Tbilisi to najważniejsze miasto Gruzji będące jednocześnie jej stolicą. Faktem jest, że nie jest to jedna z tych stolic, które dla państw bywają ośrodkiem najważniejszych wydarzeń. Tempo życia w Tbilisi w niczym nie odbiega od tempa życia Gruzina z Kutaisi czy Batumi. Jest wobec tego obecna aura delikatnie upływającego czasu i przede wszystkim brak pośpiechu, którego nie doświadczymy w modnych europejskich stolicach. Co ważne, miasto w ostatnich latach rozwija się bardzo prężnie, choć Gruzini bardzo dbają o to, by nie pozbawić stolicy swojego niepowtarzalnego klimatu.

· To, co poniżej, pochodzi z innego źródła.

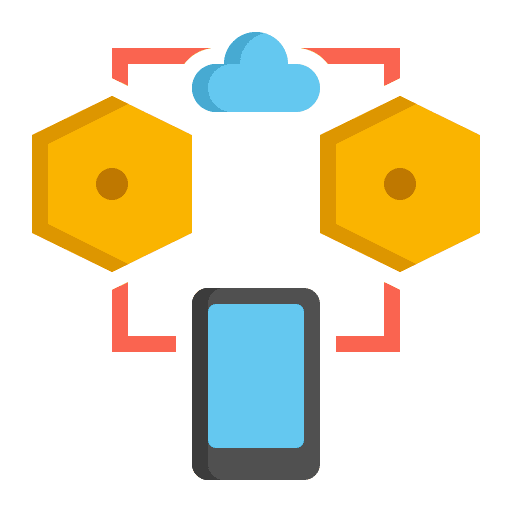 Off hand cloud smartphone icon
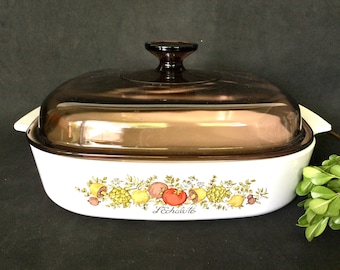 Corning Ware Spice of Life  square casserole A-10-B  with domed Amber Pyrex lid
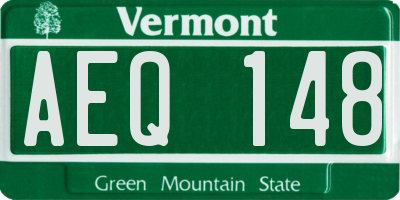VT license plate AEQ148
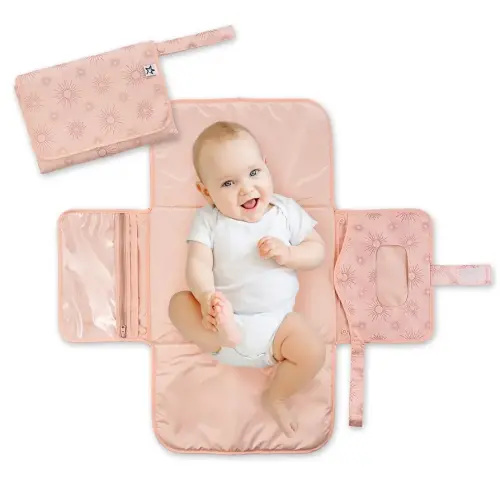 Tiny Twinkle Portable Diaper Changing Pad-Foldable Waterproof Changing Mat&Portable Changing Pad for Travel,Baby Changing Station with Smart Wipes Pocket&Storage (Shine)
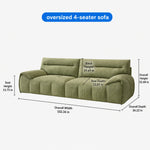 Cream Style Fabric Sofa, Modern Minimalist Straight Floor Couch for Living Room fsmy-451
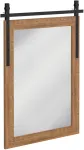 Sieninis veidrodis su slankiojančių durų dekoru, &scaron;viesiai rudas, 61 &times; 86,5 &times; 2 cm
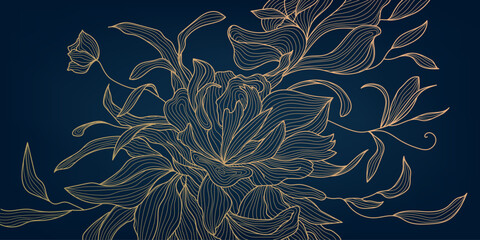 Vector art deco luxury flower line pattern, golden line background. Hand drawn wavy plants for packaging, social media post, cover, banner and wall arts. Japanese style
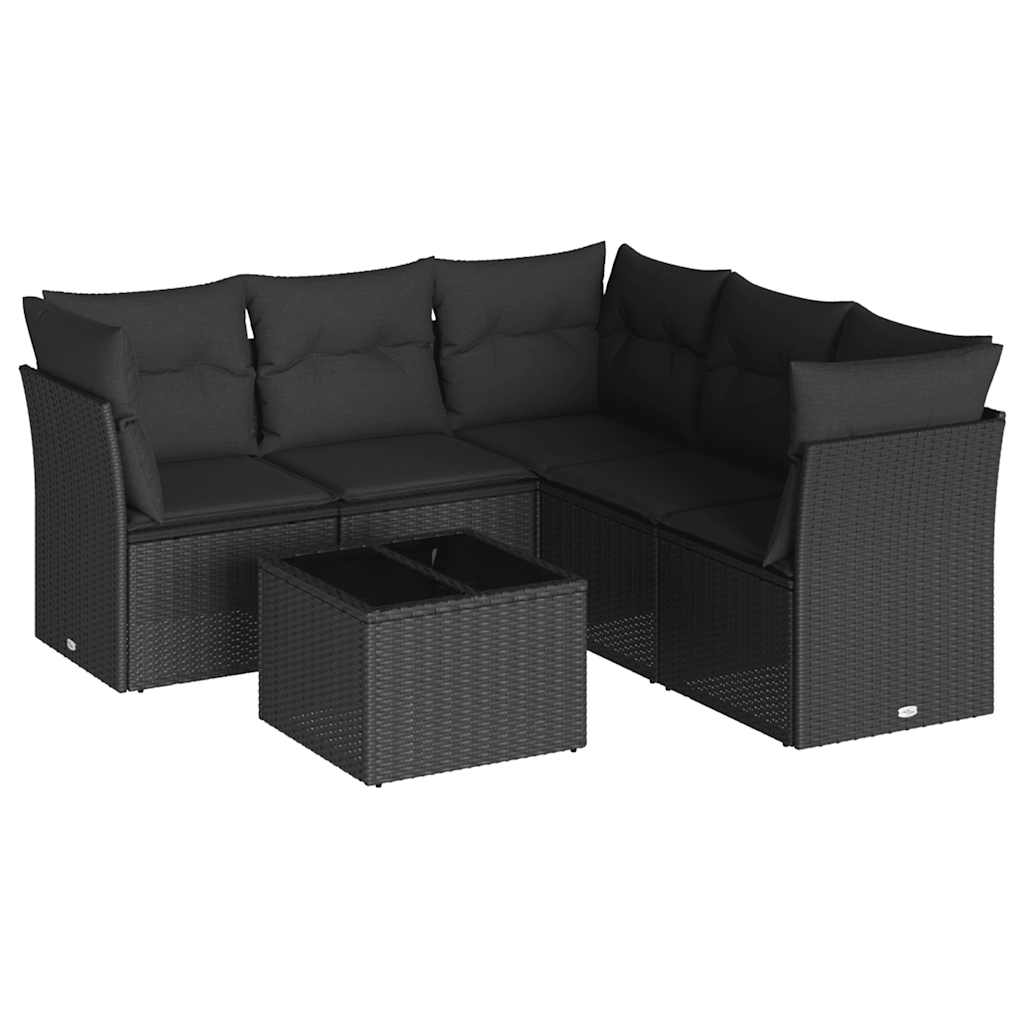 Set Divano da Giardino 6 pz con Cuscini Nero in Polyrattan | homemem39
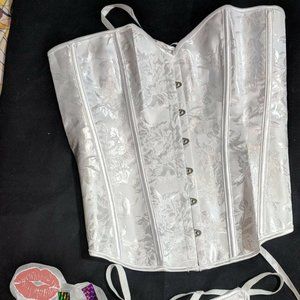 White Wedding Steel Boned Corset S-2XL waist Cinch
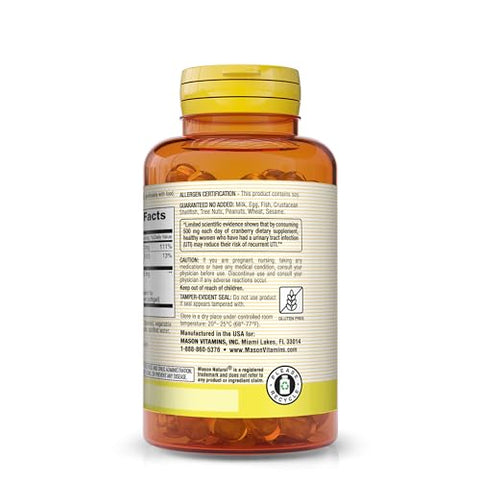 Concentrado de Cranberry 12:1 com Vitamina C e E – Suporte à Saúde Antioxidante e Imunológica, Manutenção de um Sistema Urinário Saudável, 90 Cápsulas (Pacote com 3) - MASON NATURAL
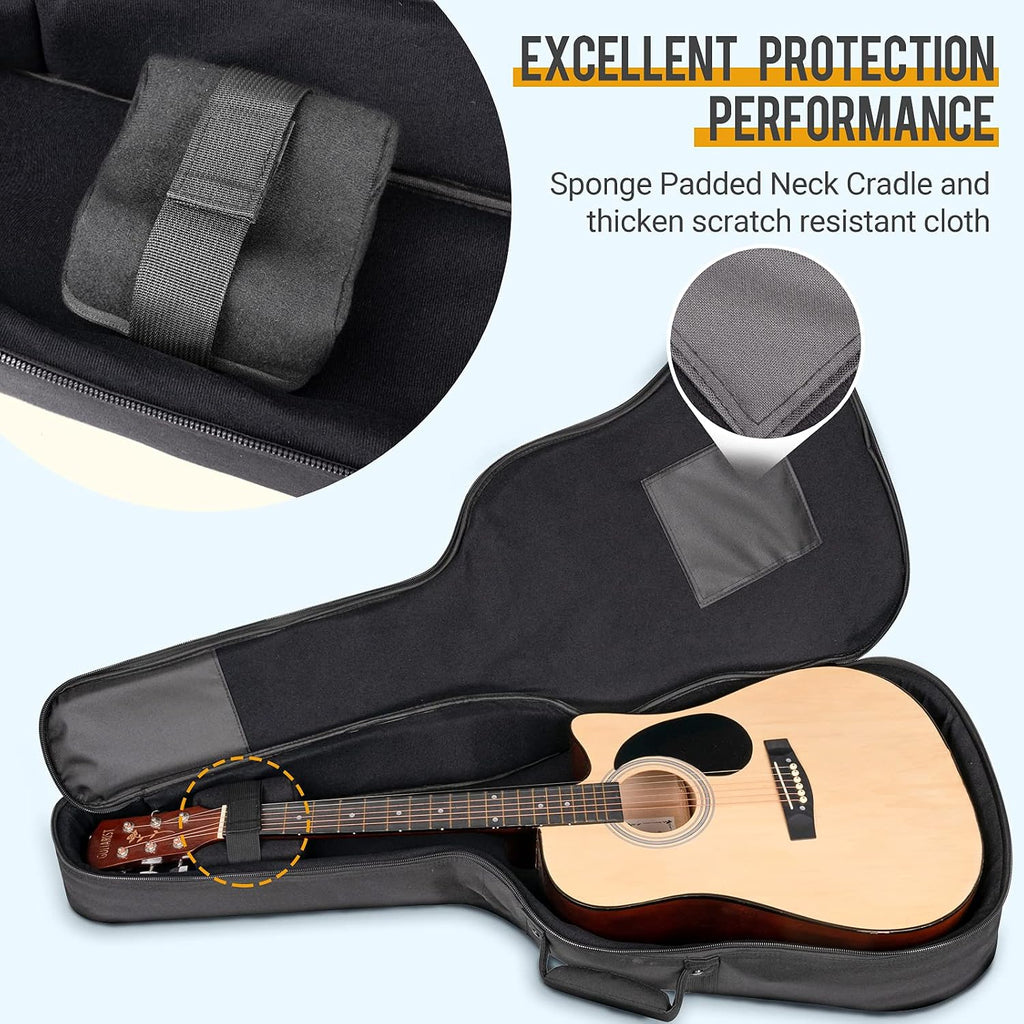 Acoustic Guitar Case Soft Padded Guitar Bag 0.7 In Thick Sponge Reinforced Gig Bag with 5 Pockets,Neck Cradle,Back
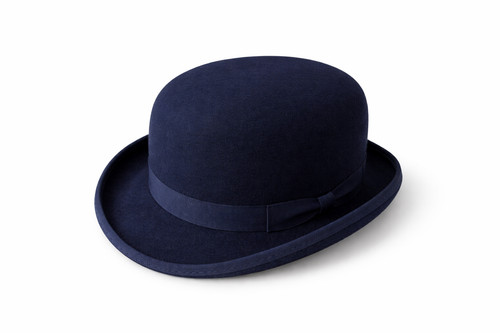 High quality navy wool bowler - high,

Gdzie się wybrać w pierwszej kolejności?
Przybywszy do Tbilisi warto udać się na słynną aleją Szota Rustawelego, która jest jedną z najważniejszych ulic w stolicy i przy okazji prowadzi na stare miasto. To właśnie na tej trasie będziemy mogli obserwować wspaniały gmach opery i bez problemu namierzymy muzea, w których można spędzić cały dzień, zapominając o bożym świecie. Jednym z ważniejszych zabytków jest pomnik Matki Gruzji, która w jednej ręce trzyma miecz, a w drugiej naczynie z winem, które ma być symbolem niezwykłej gościnności Gruzinów. O gościnności przekonamy się zresztą już na lotnisku po przylocie, gdy otrzymamy niewielką buteleczkę z ulubionym trunkiem mieszkańców, którzy uparcie twierdzą, że wino to ich wynalazek. Faktem pozostaje, że wino pędzi w Gruzji każdy i to bez względu na status społeczny. Jeżeli tylko będziemy mieli okazję skosztować domowego wina, to z całą pewnością powinniśmy się na nie zdecydować. Jest znacznie lepsze niż kupne i bywa również znacznie tańsze. Na ogół gospodarze oferują turystom własne wino serwowane w butelkach po gazowanych napojach, co nie powinno zniechęcać. Wystarczy tylko skosztować, by przekonać się, że opakowanie w tym wypadku nie ma żadnego znaczenia. Tbilisi zabytki to także ogromna katedra Sameba, która dla wielu Gruzinów jest powodem do dumy. Bez wątpienia jest to największa katedra w kraju i przede wszystkim piękna budowla, którą warto odwiedzić.